In the 2001-2010 decade, household formation averaged 888.5 thousand per year. Since those years included boom and bust years, this average, about 900 thousand per year, seems like a reasonable, probably optimistic forecast for the years ahead, given the likely further fall in house prices, high unemployment and declining real incomes in the years ahead. So if demand is averaging 900 thousand per year while supply runs 400 thousand, about 500 thousand of the excess housing inventory will be absorbed per annum. Consequently, it will take four or five years to absorb the 2 million to 2.5 million housing units, over and above normal working inventory, that we believe exist at a minimum.

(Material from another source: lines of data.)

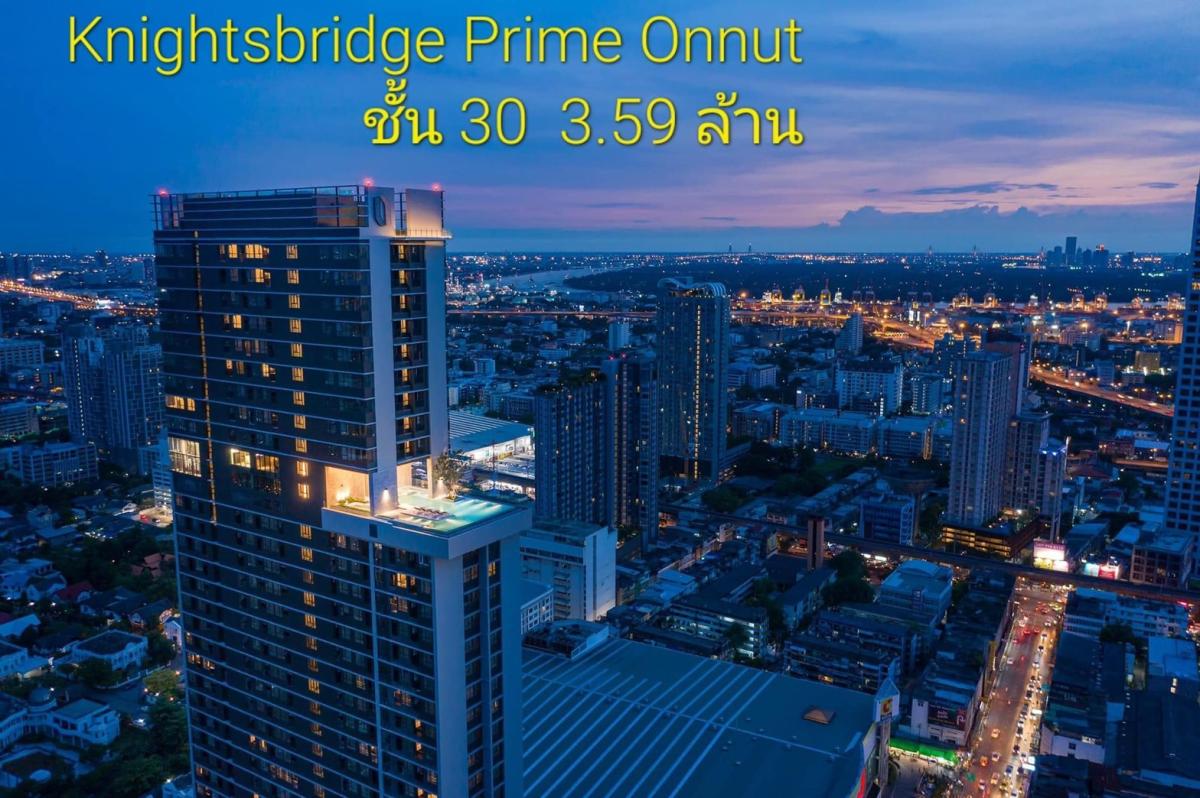 KnightsBridge Prime Onnut ไนท์บริดจ์ ไพร์ม อ่อนนุช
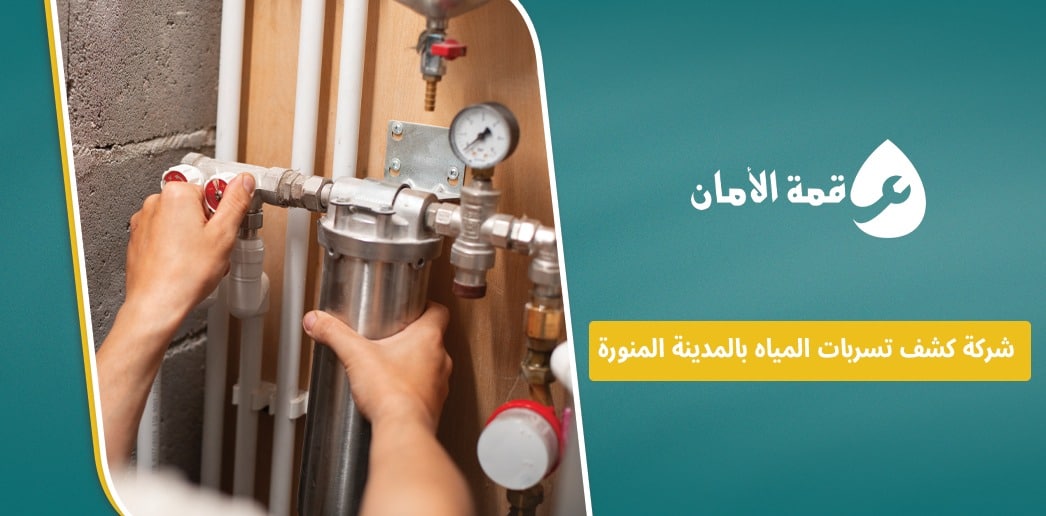 شركة كشف تسربات المياه بالمدينة المنورة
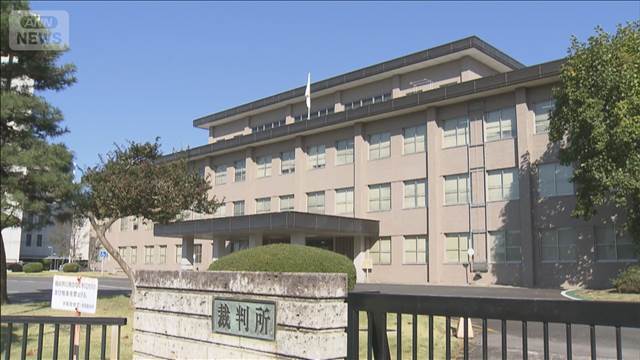 葬儀会社の不当解雇で自殺を認定　約8300万円賠償命令　宇都宮地裁
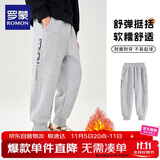 罗蒙儿童裤子男童春款儿童运动裤束脚卫裤校裤女童校园裤子灰薄绒120
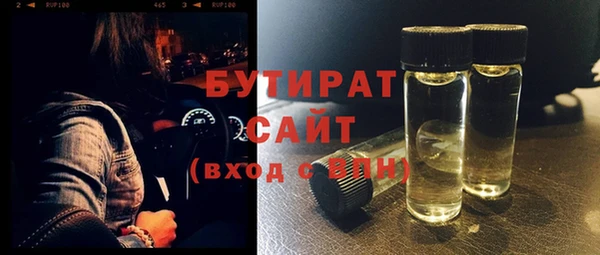 герыч Нея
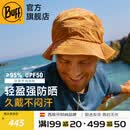 BUFF渔夫帽夏季防晒遮阳帽男女盆帽迷彩登山宽檐户外大头围大檐爬山帽 超轻渔夫帽135763.221 L/XL(帽围57.5-62)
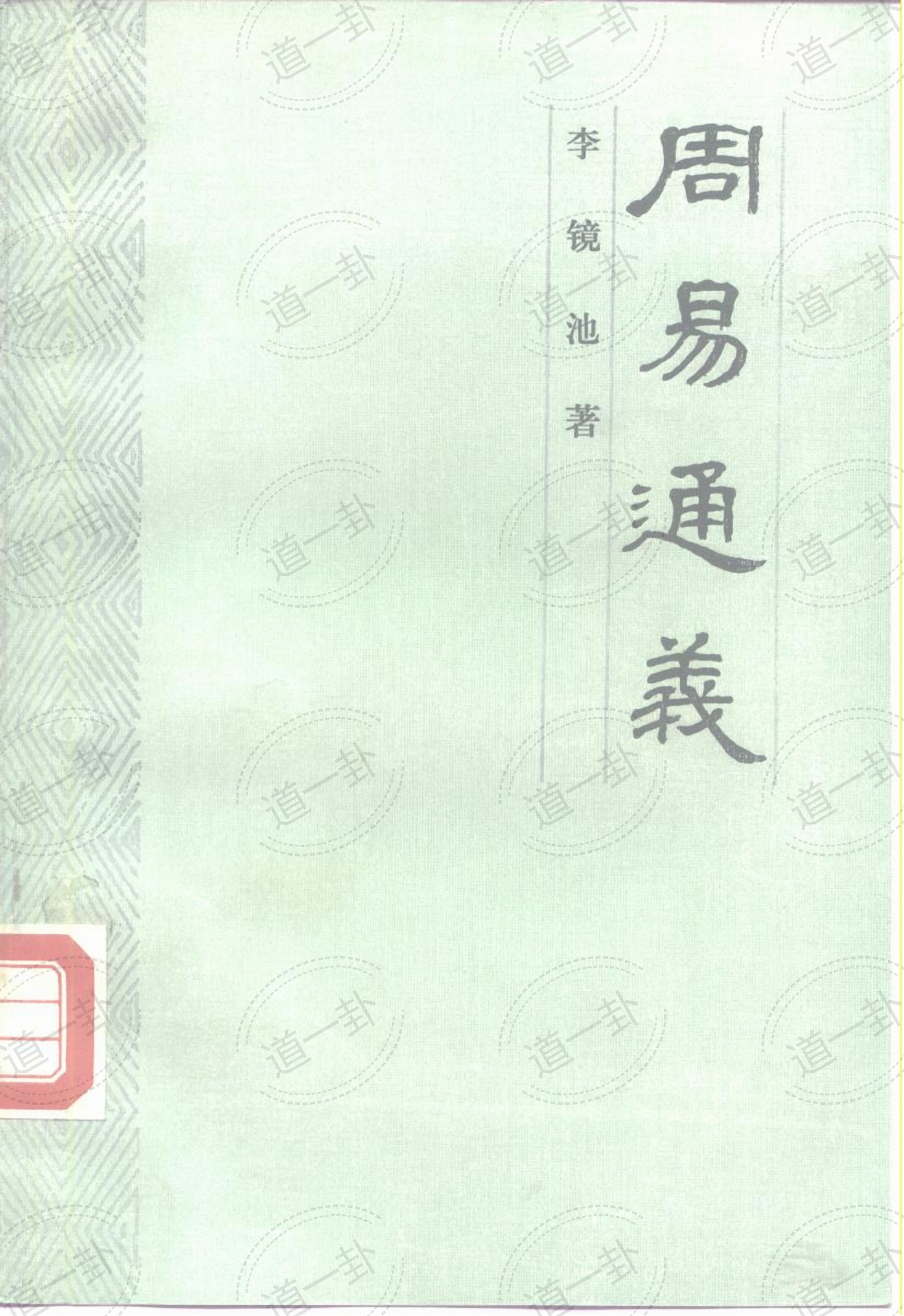 《周易通义》李镜池pdf，周易入门者首选，全文在线阅读-道一卦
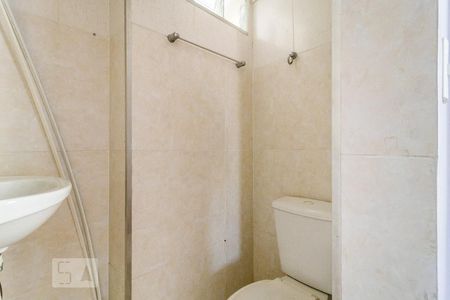 Apartamento à venda com 57m², 2 quartos e 1 vagaBanheiro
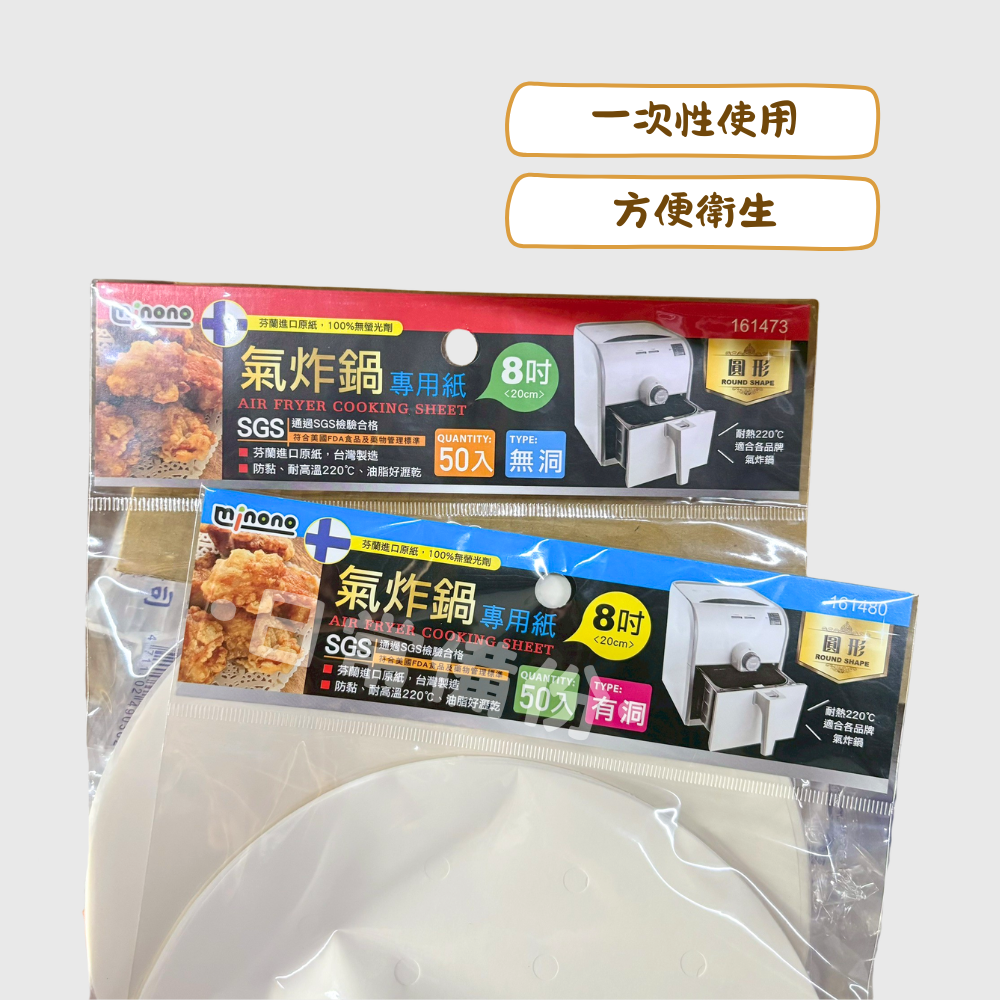 米諾諾 氣炸鍋專用紙圓形8吋 有洞 無洞 50入 台灣製 氣炸鍋 氣炸鍋紙 圓形烘焙紙 氣炸鍋用紙 廚房 料理 餐具-細節圖2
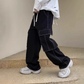 ⏳Time-Limited Special⏰Utility Wide-Leg Cargo Jeans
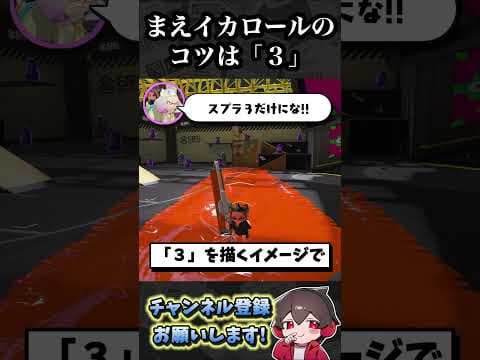 前イカロールの簡単なやり方【スプラトゥーン3】
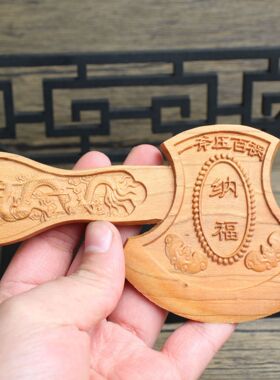 精品雷击桃木礼品斧子泰山桃木摆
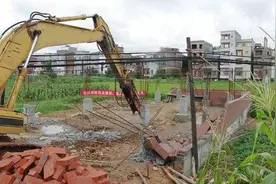 以前在耕地上建好的房子，现在会怎么处置？视频封面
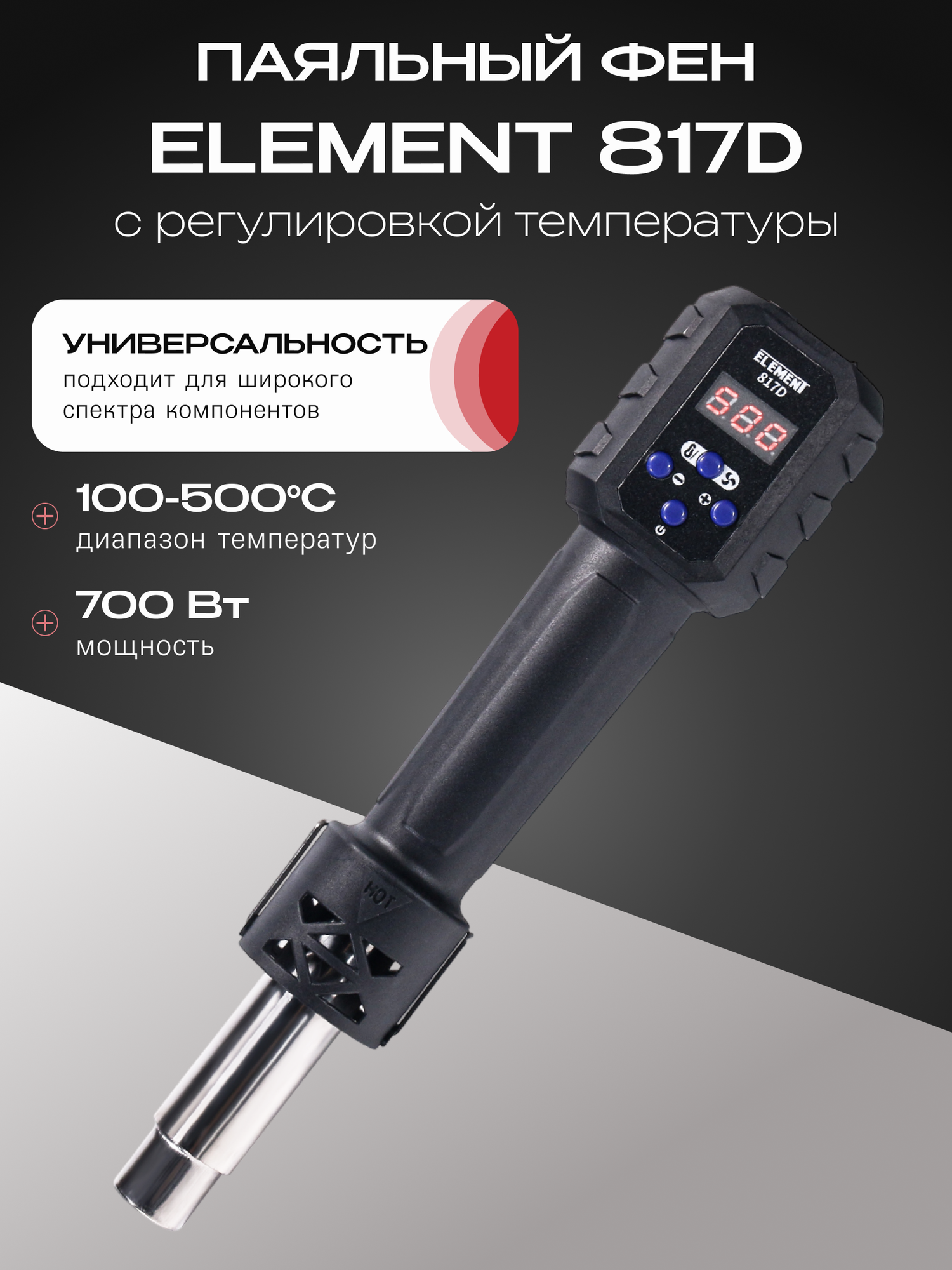 Паяльный фен Element 817D, 100-500°C, 220В, 700Вт, черный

Four or five years is plenty of time for the inventory overhang to depress prices another 20% as we’ve been forecasting. Prices, after reviving somewhat with the new homeowner tax credit, are now essentially back to their April 2009 lows (Chart 1). Another 20% drop would bring the total decline from the peak in April 2006 to 45% and take them back to their longrun flat trend (Chart 6). In that graph, median single-family house prices are corrected for two types of inflation. The first is general inflation affecting all goods and services. The second is the tendency over time of houses to get bigger and, therefore, intrinsically more expensive. As living standards rise, people want more bathroom, fancier kitchens, etc. in their homes. A further 20% price drop may be an optimistic forecast since declines tend to overshoot on the downside just as bubbles expand to the stratosphere.
Other forecasters are coming into agreement with our forecast, dire as it is. The Dallas Federal Reserve Bank states that a 23% decline is needed to return house prices to their long-run trend. Prof. Robert Shiller of Yale says there is a “substantial risk” of another 15% or 20% decline in house prices. The NAR’s March survey of members revealed that 42% of everoptimistic realtors expect home prices in their areas to fall in the next 12 months. Starting last year, Shiller’s firm, Macro Markets LLC, asked us and 110 other housing experts to forecast house prices over the next five years. Since that survey commenced, we have consistently forecast a 20% cumulative decline for 2011-2013, with an 11% drop this year.